Leadership: nature or nurture?

By Diana Hodge

Displaying leader.jpg
With the focus on newly appointed ALIA leaders, I thought it might be interesting to highlight some research into leadership; I was interested in what skills leaders require and the question of whether leaders are born or can be trained. I found a very interesting series of articles by Pixey Anne Mosley. Published in the journal Library Leadership & Management under the column heading of ‘Engaging Leadership’ the articles explore what it means to lead and the myriad of ways in which an individual can show leadership qualities. For anyone aspiring to leadership but wondering if you are really the right ‘type’ of person or for those in leadership positions who suffer from ‘imposter syndrome’ Pixey’s articles are fascinating, thought provoking and hopefully will encourage you to view leadership differently. These articles are not research based; rather they are well informed observation and discussion; all available in full text through the ALIA subscription to ProQuest available to members here.

The first one of the series I read (2014 a) discussed the distinction between ‘grassroots leaders’ and those in ‘titled’ leadership roles. The former are those that ‘lead from the middle’; they may lead by example by getting things done, motivating others, by questioning decisions and standing up against group-think. All these behaviours are examples of leadership but they are frequently overlooked in favour of the titled managerial leadership model. In this model leadership is directly linked to particular organizational roles. Too strong a link between leadership and power or being ‘in charge’ is not a healthy thing for an organization.

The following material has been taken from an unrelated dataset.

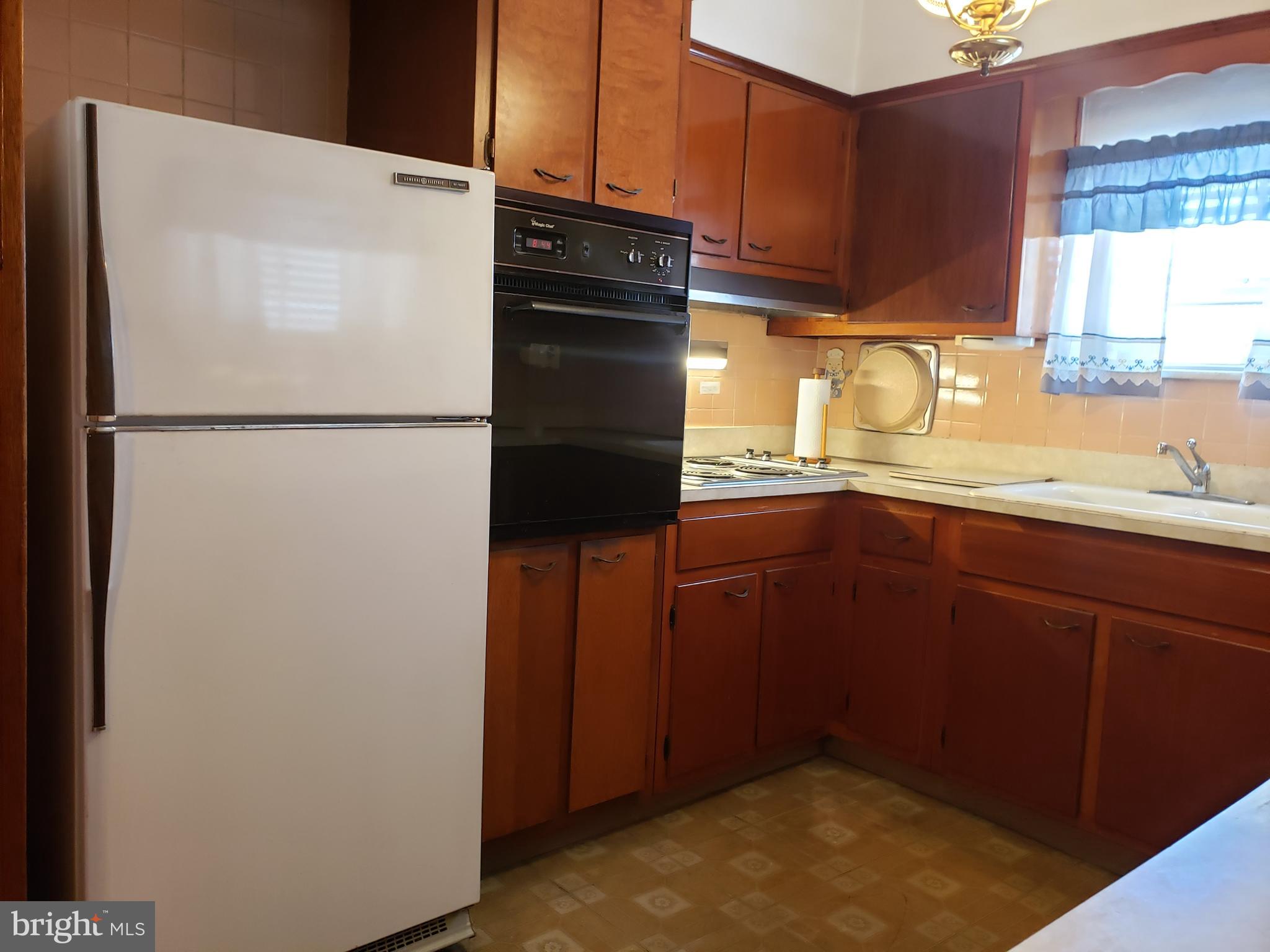 2436 West Ritner Street Philadelphia, PA 19145 - Photo 23 of 64 Full Kitchen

It is incumbent on those of us already in leadership positions to look for these subtle indicators of leadership ability in those on the ground and understand that not all leadership roles are the same – they can require completely different skill sets. A great grass roots leader will be passionate about what they are doing at the micro level and may not be able to make the adjustment to seeing the big picture at a higher level. A more senior leader needs to be able to detach themselves from their own particular passions in order to make balanced, objective decisions. ‘Passionate’ is, I think, a much overused word, we are all meant to be passionate about our work and it was very refreshing to read a discussion around the value in being dispassionate.

This ability of leaders to disengage is the focus of another of Pixey’s pieces (2014 b). We tend to think of disengagement as a negative thing but for successful leadership it is an essential ability. Not only is it essential for decision making but can also be crucial in dealing with individual poor performance. Pixey addresses various scenarios in which the leader must emotionally disengage from a situation. When all avenues for improvement have been exhausted a leader may have to stand back and let a staff member fail; to disengage to the point where you watch another individual fail is hard to do. Most of us work in team based cultures and giving someone enough rope to hang themselves is not comfortable. I wish I had read Pixey’s discussion of this a few years ago before I was faced with exactly this situation.

The final column I will mention is Understanding and respecting the shades of gray (2013, nothing to do with 50 Shades!). For anyone who doubts themselves as a leader or for those making the transition to leadership it is quite relief to read this article – leadership doesn’t come with a rule book, decisions are not clear cut and those that we are attempting to lead can be ‘highly emotional, variable and unpredictable’ (p.5). I highly recommend Pixey’s articles for anyone who wants a realistic picture of the sometimes murky waters of leadership.

Mosley, P 2014 (a), Leadership writ large, beyond the title, vol. 28, no. 2, pp. 1-6
Mosley, P 2014 (b), Knowing when to disengage, vol. 28, no. 4, pp 1-5 

This  article was first published in InCite (April 2015).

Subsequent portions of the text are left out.